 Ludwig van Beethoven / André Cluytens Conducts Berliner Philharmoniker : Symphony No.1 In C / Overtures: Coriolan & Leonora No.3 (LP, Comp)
---
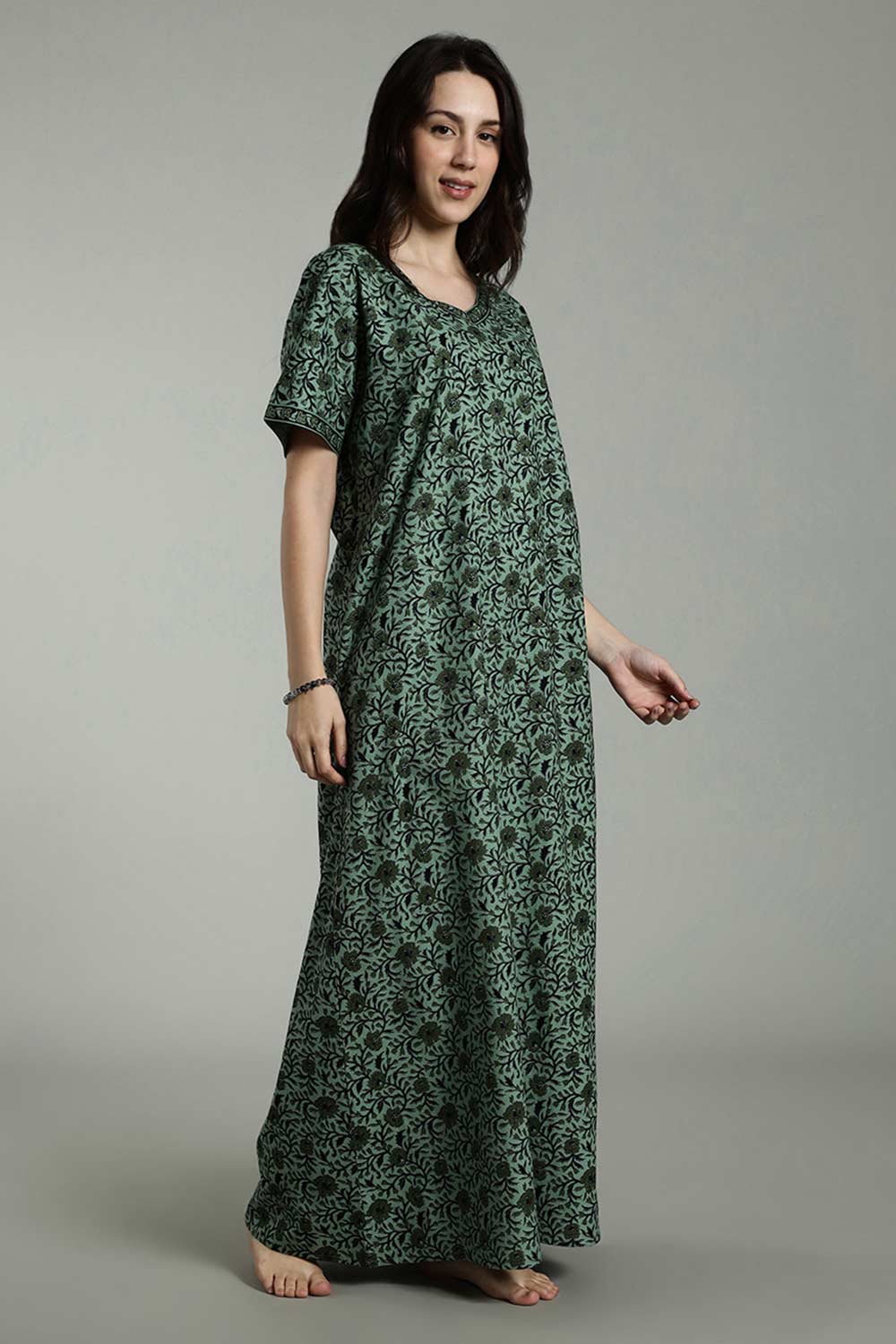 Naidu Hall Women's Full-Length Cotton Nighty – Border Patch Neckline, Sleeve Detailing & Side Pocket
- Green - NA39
* * *
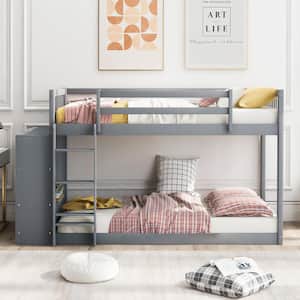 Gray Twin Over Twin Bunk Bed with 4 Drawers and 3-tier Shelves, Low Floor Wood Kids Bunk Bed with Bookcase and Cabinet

## Aim of the task
Repeat exactly the stretch of the listing above that starts with the line holding "Naidu Hall Women's" and finishes with the line holding "- Green - NA39", both included. Skip every picture.

## Output for this exercise
 Naidu Hall Women's Full-Length Cotton Nighty – Border Patch Neckline, Sleeve Detailing & Side Pocket
- Green - NA39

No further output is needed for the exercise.